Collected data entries
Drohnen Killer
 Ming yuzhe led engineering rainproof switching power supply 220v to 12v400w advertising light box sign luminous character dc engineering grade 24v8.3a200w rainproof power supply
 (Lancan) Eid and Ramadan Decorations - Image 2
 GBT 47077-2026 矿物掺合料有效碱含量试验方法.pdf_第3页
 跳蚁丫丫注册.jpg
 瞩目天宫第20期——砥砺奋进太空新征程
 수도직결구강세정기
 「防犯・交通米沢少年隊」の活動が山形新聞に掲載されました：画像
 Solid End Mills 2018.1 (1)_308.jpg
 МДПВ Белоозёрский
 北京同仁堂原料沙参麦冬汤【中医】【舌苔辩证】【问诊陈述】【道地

Try it: Nothing but the lines from the one with "GBT 47077-2026 矿物掺合料有效碱含量试验方法.pdf_第3页" through the final line of the data belongs in the answer, and they must match exactly.

Answer to this problem:
 GBT 47077-2026 矿物掺合料有效碱含量试验方法.pdf_第3页
 跳蚁丫丫注册.jpg
 瞩目天宫第20期——砥砺奋进太空新征程
 수도직결구강세정기
 「防犯・交通米沢少年隊」の活動が山形新聞に掲載されました：画像
 Solid End Mills 2018.1 (1)_308.jpg
 МДПВ Белоозёрский
 北京同仁堂原料沙参麦冬汤【中医】【舌苔辩证】【问诊陈述】【道地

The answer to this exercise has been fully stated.